In 1985, the Ambulatory Services Unit opened on the 6th floor of the West building to provide inpatient care for outpatient surgery patients. General surgeons were first credentialed to perform surgical endoscopy in 1985. Endourologic privileges were obtained by the urology section in 1985. A pilot program for a surgical holding area was given a 3-month trial period in 1985. The hospital was verified as a level I trauma center in 1986 and has maintained that verification to the present day. In the main OR, there were 16 surgery suites and 3 ambulatory surgery rooms. In 1987, laser privileges were granted to surgeons and by 1991, ten different laser machines were available. Also in 1987, orthopedic surgeons were given approval for orthopedic arthroscopy. In 1989, general surgeons were credentialed for privileges to insert Swan Ganz catheters. Laparoscopic cholecystectomy and appendectomy procedures were first performed here in 1990. Forty-three patients had renal transplants since the start of the transplant program in 1988.
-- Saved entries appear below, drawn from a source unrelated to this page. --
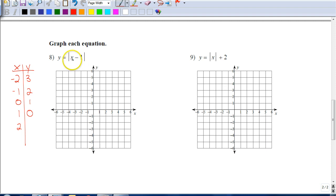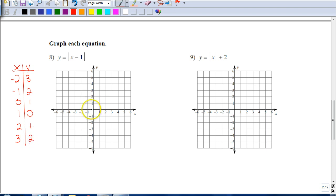When I put 2 in here, 2 minus 1 is 1, and the absolute value of 1 stays 1. Let's do one more: if I put 3 in here, 3 minus 1 is 2, and the absolute value of 2 stays 2. So now let's graph this. Negative 2, positive 3. Negative 1, positive 2. Then 0, 1. Then 1, 0. Then 2, 1. And 3, 2. This is what our graph is going to look like.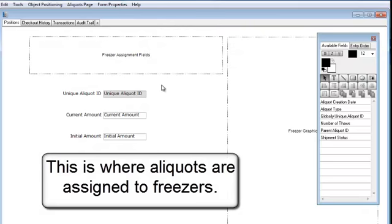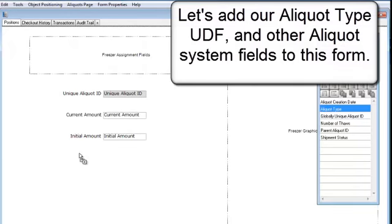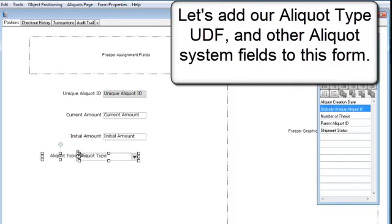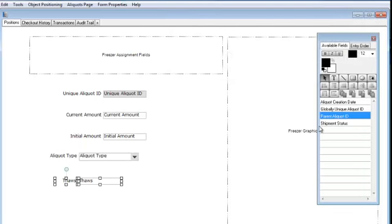This is where aliquots are assigned to freezers. Let's add our aliquot type UDF and other aliquot system fields to this form.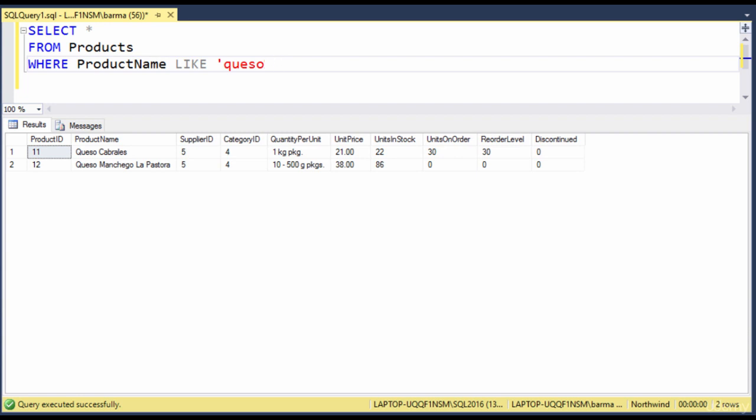One last example. This time, I'm going to look for a product, and it has the letters A-N in it. So I don't know where, but I know that it's going to have some number of characters possibly, and then A-N, some other characters maybe, and I'll go ahead and close my quote.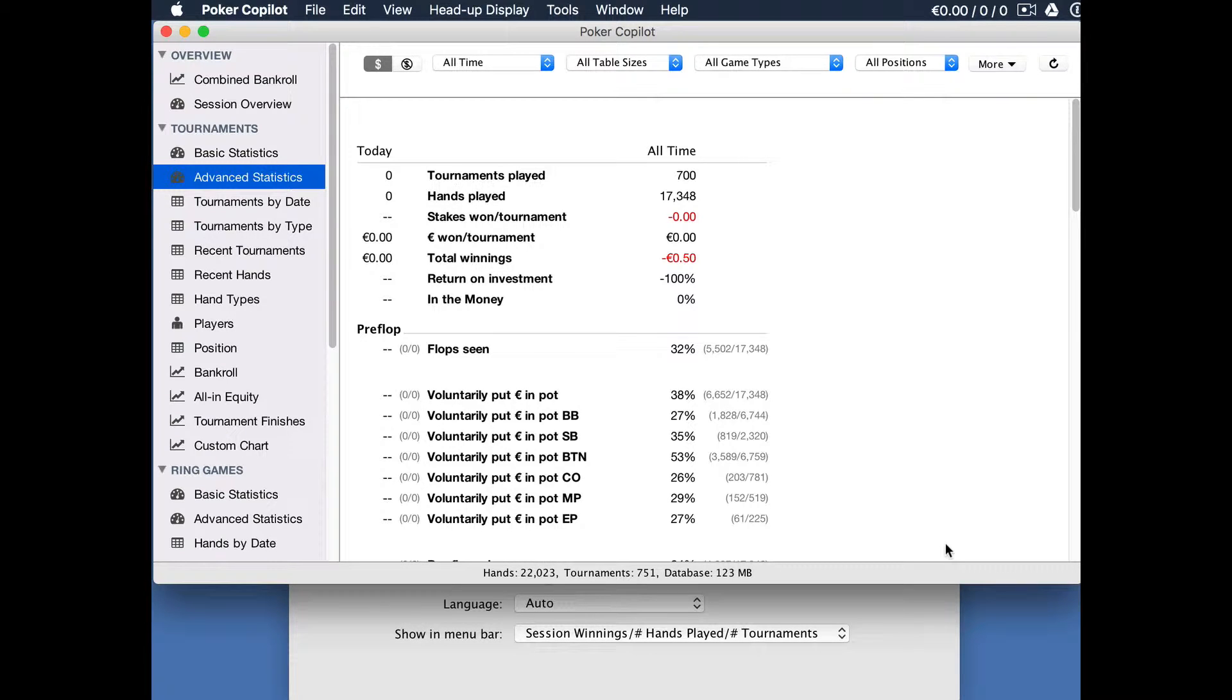Hi, this is Steve from Poker Copilot. In this video I'll show you how you can make Poker Copilot ignore your older hand history files.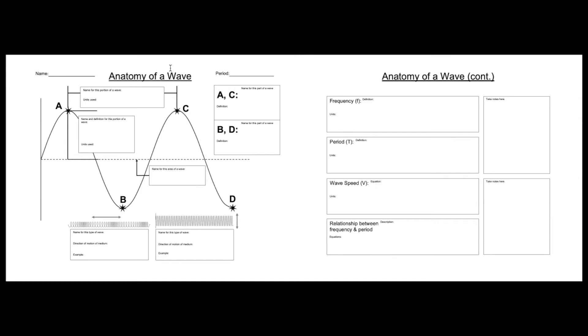We have these stars that are labeled A, C, B, and D. What are the tops, the highest point on a wave? That's A and C. And the lowest part on the wave? That's B and D. What is this dotted line? That is this box right here.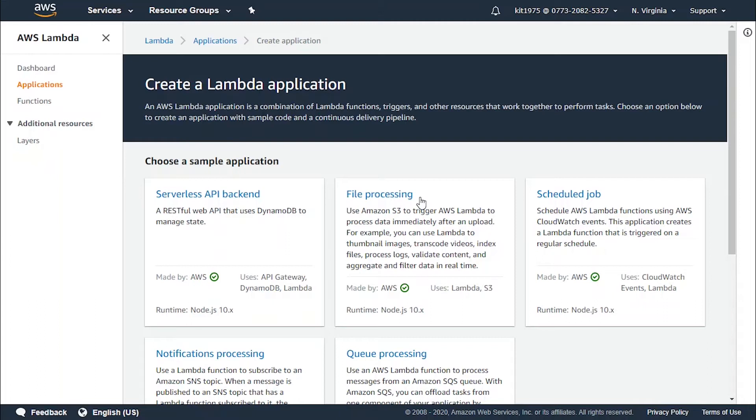Lambda invokes your function synchronously with an event that contains queue messages. Lambda reads messages in batches and invokes your function once for each batch. When your function successfully processes a batch, Lambda deletes its messages from the queue.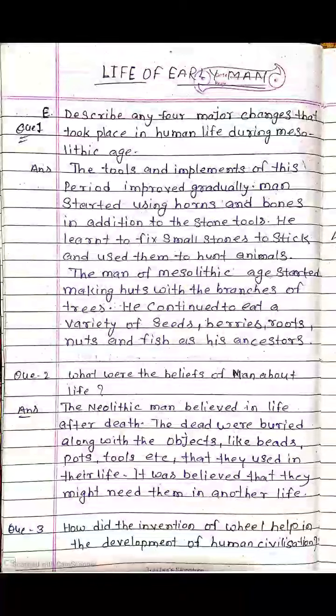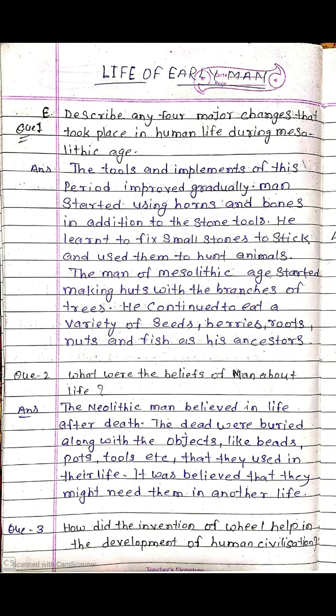Hello students, start Chapter 9: Life of Early Man, question and answer of Section E. In this chapter there are two sections D and E. In the previous video I completed Section D, now we start Section E.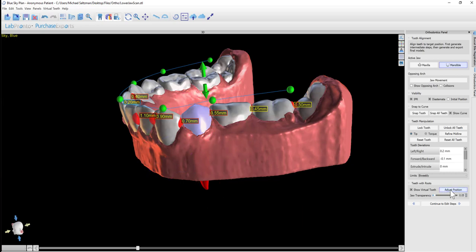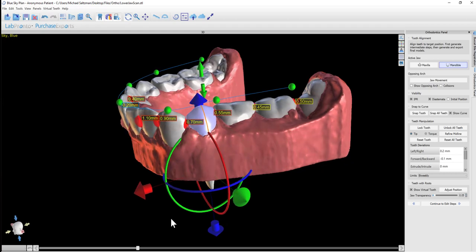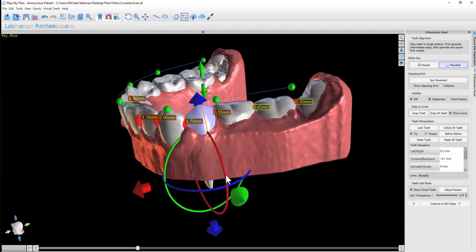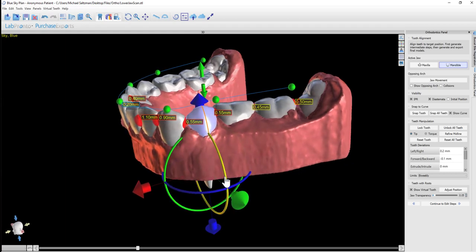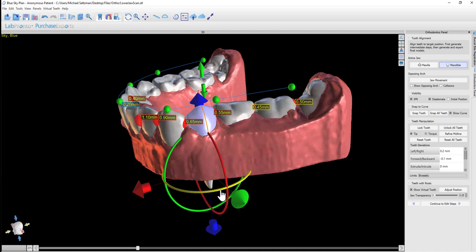Any time we pivot or move this tooth, the virtual tooth will move as well. This will give us an indication of how the teeth roots will move and adjust when we adjust the crown of the tooth.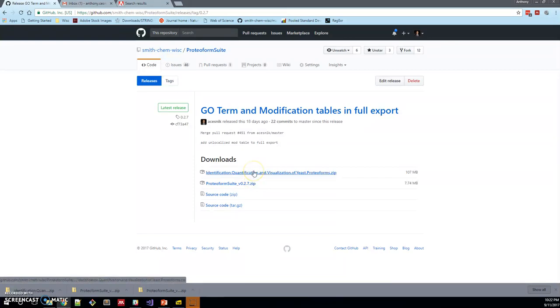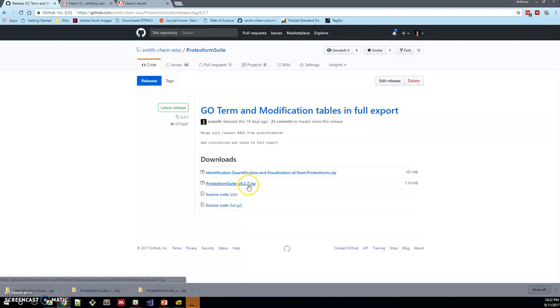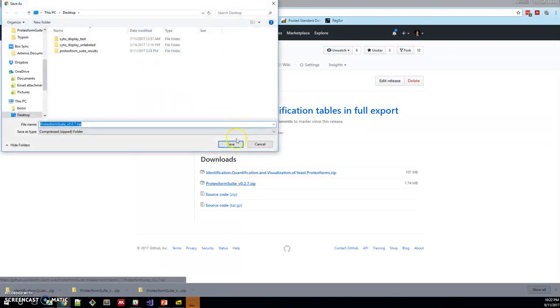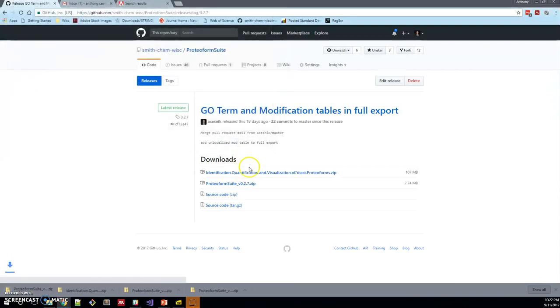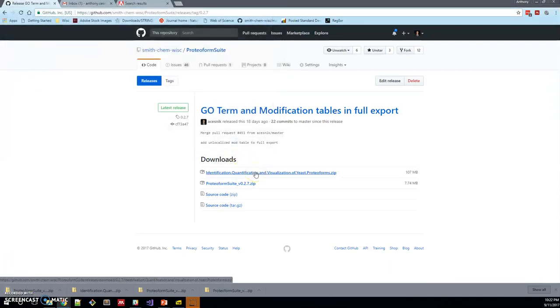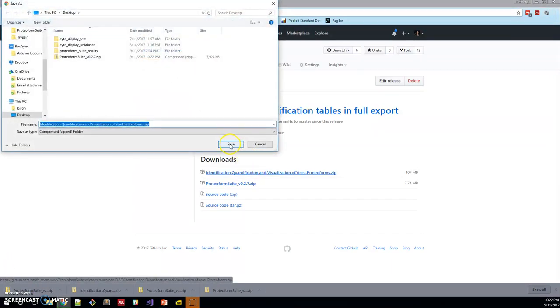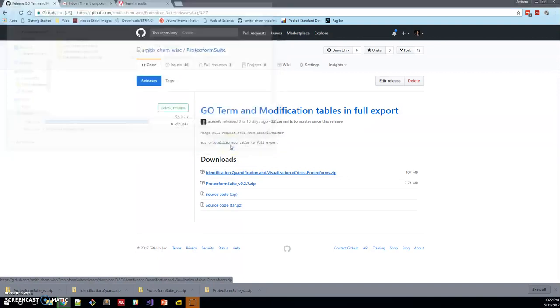And this is the vignette. So this contains all of the input files and presets necessary to run this analysis.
In 1992, the newest addition to the main hospital was completed and housed the Surgical Intensive Care Unit with 12 beds and the Cardiovascular Intensive Care Unit with 10 beds. In 1993, the Outpatient Surgery Center opened for outpatient surgical procedures, with 5 operating rooms, 5 endoscopy suites, and 2 laser rooms. The name of the hospital changed in 1996 to St. Elizabeth Health Center-Humility of Mary Health Services, and in 1999 to Humility of Mary Health Partners.
A 15-hour course for ultrasound testing was held at the hospital in 1999, resulting in certification for 10 general surgeons. Bariatric surgery was performed here in 2002. In 2005, percutaneous mesh was used by urologists to repair vaginal wall defects and prolapse. In 2006, an addition was built adjacent to the surgery suite of the main hospital to include 7 new operating rooms that are equipped with the latest technology, computerized charting and viewing, and flooring implanted with antibacterial agents. The renovation also included the construction of the South Pavilion Surgical Lobby, a waiting area for families of patients having surgery. The Pavilion consists of the lobby, the Espresso Café, and The Gift Shoppe. In 2006, the outpatient surgery department was transferred back to the main hospital from the Outpatient Surgery Center.
The new, 108-bed St. Elizabeth Boardman Health Center opened on August 1, 2007, with 5 operating rooms and 20 preoperative and secondary recovery beds, including inpatient, outpatient, cysto, and endoscopy services. Also in 2007, the da Vinci Surgical System, a state-of-the-art robotic surgical system was introduced to surgical patients for prostatectomy, cystectomy, and pyeloplasty. Partners for Urology Health, a comprehensive prostate cancer treatment center, was opened in May of 2009, focusing on state-of-the-art technology.
Today, 2010, St. Elizabeth Health Center is an acute care hospital with 550 beds and 60 bassinets. Recently, the vision of community and hospital leaders led to the announcement that an $8 million Joanie Abdu Comprehensive Breast Care Center will be built next year to be the only such center between Cleveland and Pittsburgh, to feature a multi-disciplinary team approach to the diagnosis and treatment of breast cancer.